DiCicco graduated Montgomery High School in Santa Rosa, California and served in the military in Vietnam. He moved to Montana a few years before his disappearance, and married in Kalispell. He disappeared around the time of his first wedding anniversary.
He called his mother shortly before he disappeared and their conversation was normal, and he said he'd call her again in a few days, but he never contacted her again.
Thomas Eugene Creech confessed to DiCicco's murder. A photo of him is posted with this case summary. After he was charged with the double murder of two transients in Idaho in 1975, he stated he committed over 40 murders in thirteen states. He said he committed his first murder at the age of seventeen, when he drowned a friend, and that a motorcycle gang, which he claimed sold drugs and practiced devil worship, paid him to commit five of the homicides.

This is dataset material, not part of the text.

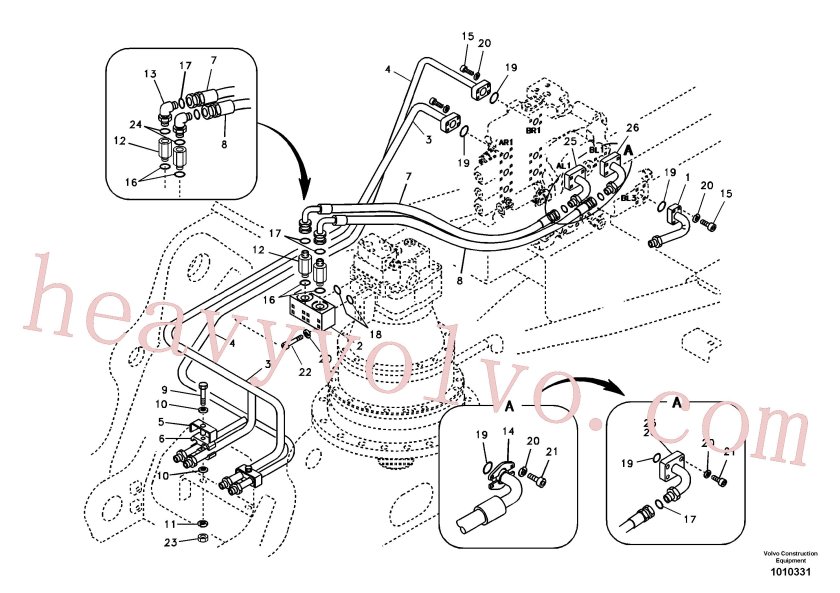 Вольво 210 шланги гидравлики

DiCicco did ride a motorcycle but wasn't involved in any clubs. Creech named him as one of the victims, stating he shot DiCicco three times and dumped his body in Lake Sammamish in Washington. Later, he changed his story and said he'd only witnessed the murder and DiCicco's body had been hidden in a cave.
When police dragged Lake Sammamish they did find a body, but it wasn't DiCicco's, and they aren't sure whether Creech was involved in his case. Some of Creech's confessions were subsequently discounted, but he lead the police to two bodies, one in Nevada and one in Wyoming, and he was convicted of a 1974 murder in Oregon as well as the murders of the two transient men in Idaho.
While serving a life sentence in Idaho, Creech murdered a fellow inmate, a disabled man serving time for car theft. He was sentenced to death for this crime. DiCicco's mother began a correspondence with him on death row, hoping for answers in her son's case. Creech told her she had become like a mother to him, and he wrote her poems about prison life. He has never proven his involvement in DiCicco's case, however, and has been awaiting execution since 1983.
Foul play is suspected in DiCicco's case; investigators believe he was murdered. His case remains unsolved.